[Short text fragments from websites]
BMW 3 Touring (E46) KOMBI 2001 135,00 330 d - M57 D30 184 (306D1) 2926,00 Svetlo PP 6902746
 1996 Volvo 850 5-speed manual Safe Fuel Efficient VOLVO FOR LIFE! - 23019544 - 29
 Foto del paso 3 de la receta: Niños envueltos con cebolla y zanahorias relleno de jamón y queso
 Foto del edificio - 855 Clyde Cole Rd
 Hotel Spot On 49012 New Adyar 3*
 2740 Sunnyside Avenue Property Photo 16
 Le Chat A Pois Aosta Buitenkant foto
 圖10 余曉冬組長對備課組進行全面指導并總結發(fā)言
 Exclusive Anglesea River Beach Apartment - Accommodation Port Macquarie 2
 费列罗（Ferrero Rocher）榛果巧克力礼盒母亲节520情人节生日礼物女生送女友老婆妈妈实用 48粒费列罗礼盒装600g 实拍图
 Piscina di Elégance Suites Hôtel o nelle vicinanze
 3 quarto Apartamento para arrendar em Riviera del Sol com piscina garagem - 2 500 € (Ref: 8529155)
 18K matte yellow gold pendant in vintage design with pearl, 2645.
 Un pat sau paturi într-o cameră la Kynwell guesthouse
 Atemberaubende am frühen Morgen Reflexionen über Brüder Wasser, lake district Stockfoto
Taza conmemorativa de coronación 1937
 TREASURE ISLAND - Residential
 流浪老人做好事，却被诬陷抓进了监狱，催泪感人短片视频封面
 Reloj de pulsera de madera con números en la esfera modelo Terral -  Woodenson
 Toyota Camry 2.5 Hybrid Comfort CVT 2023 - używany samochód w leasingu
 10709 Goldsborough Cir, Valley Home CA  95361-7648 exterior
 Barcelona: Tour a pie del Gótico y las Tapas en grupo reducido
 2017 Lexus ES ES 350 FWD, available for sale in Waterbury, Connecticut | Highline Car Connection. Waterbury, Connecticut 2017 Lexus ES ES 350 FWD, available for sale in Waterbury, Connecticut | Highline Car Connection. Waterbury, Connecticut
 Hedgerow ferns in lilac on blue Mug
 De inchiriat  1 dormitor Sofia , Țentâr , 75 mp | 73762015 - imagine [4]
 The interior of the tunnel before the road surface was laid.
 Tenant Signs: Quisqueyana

Exercise instructions - Exactly reproduce the lines of the entries above, from the one containing "Taza conmemorativa de coronación 1937" to the very last, and no others.

Response below -
Taza conmemorativa de coronación 1937
 TREASURE ISLAND - Residential
 流浪老人做好事，却被诬陷抓进了监狱，催泪感人短片视频封面
 Reloj de pulsera de madera con números en la esfera modelo Terral -  Woodenson
 Toyota Camry 2.5 Hybrid Comfort CVT 2023 - używany samochód w leasingu
 10709 Goldsborough Cir, Valley Home CA  95361-7648 exterior
 Barcelona: Tour a pie del Gótico y las Tapas en grupo reducido
 2017 Lexus ES ES 350 FWD, available for sale in Waterbury, Connecticut | Highline Car Connection. Waterbury, Connecticut 2017 Lexus ES ES 350 FWD, available for sale in Waterbury, Connecticut | Highline Car Connection. Waterbury, Connecticut
 Hedgerow ferns in lilac on blue Mug
 De inchiriat  1 dormitor Sofia , Țentâr , 75 mp | 73762015 - imagine [4]
 The interior of the tunnel before the road surface was laid.
 Tenant Signs: Quisqueyana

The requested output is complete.